* [Dataset content]:

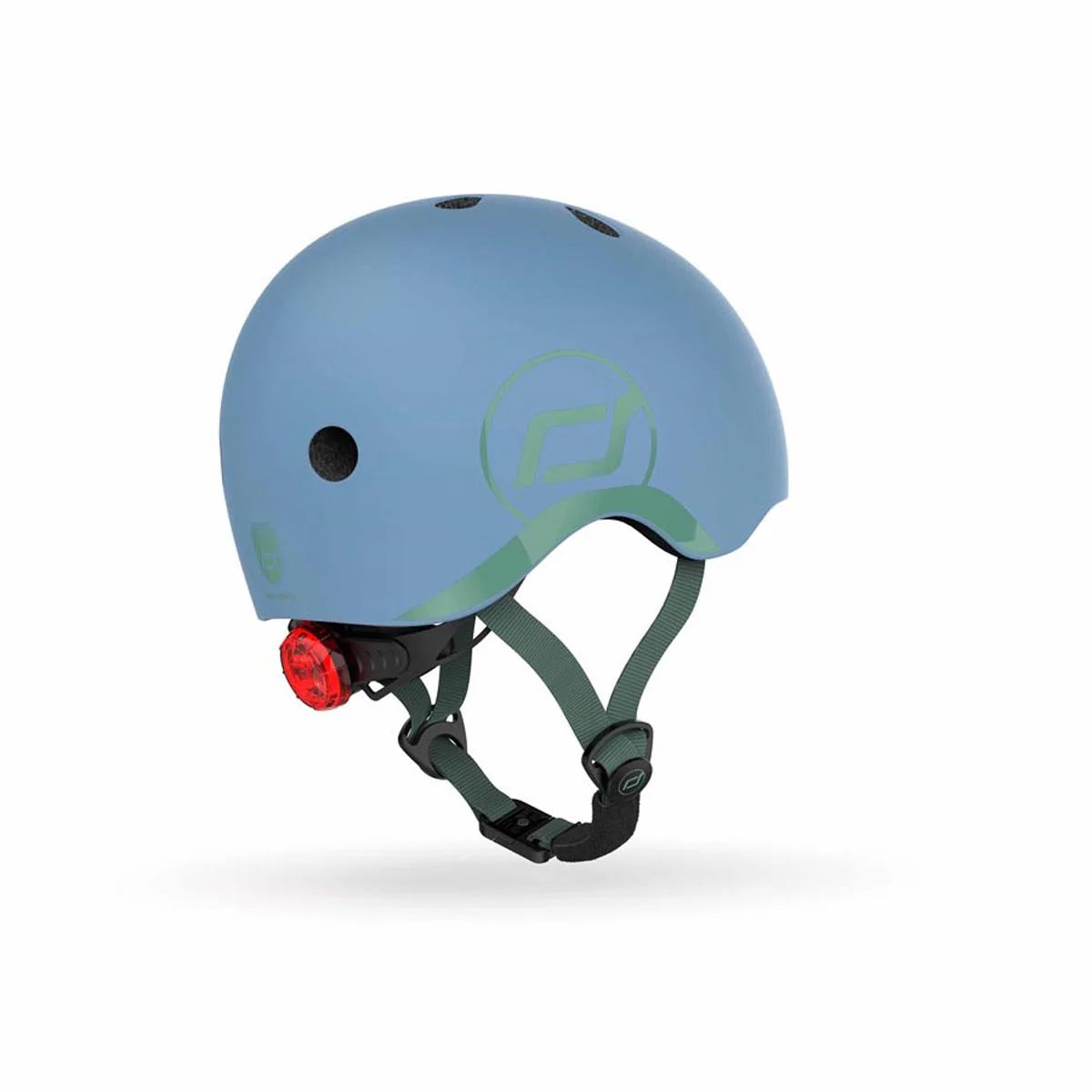 Scoot and Ride Helmet Steel 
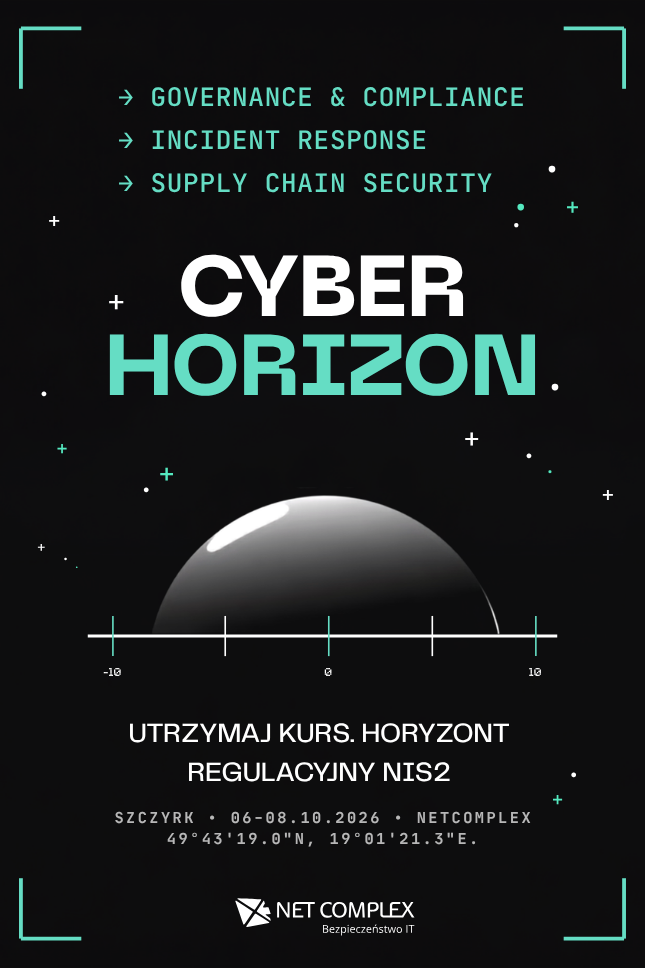 Cyber Horizons 2026. Utrzymaj kurs. Horyzont regulacyjny NIS2 w 2027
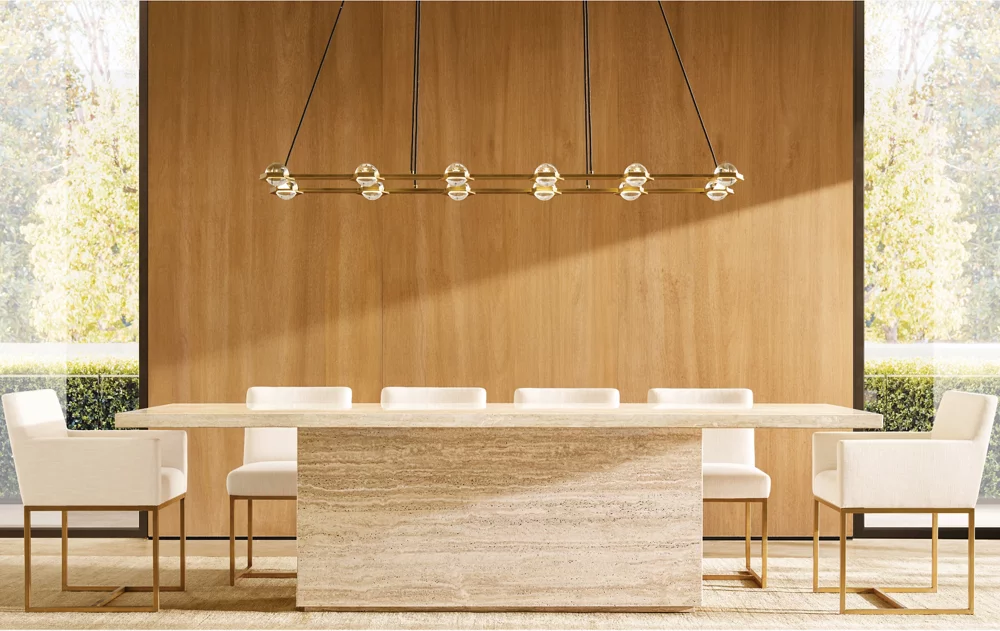 ÉCLATANT RECTANGULAR CHANDELIER 72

* [How to complete this task]:
Reproduce the data above in full, exactly, with the images removed.

* [Exercise response]:
 Scoot and Ride Helmet Steel 
 Cyber Horizons 2026. Utrzymaj kurs. Horyzont regulacyjny NIS2 w 2027
 ÉCLATANT RECTANGULAR CHANDELIER 72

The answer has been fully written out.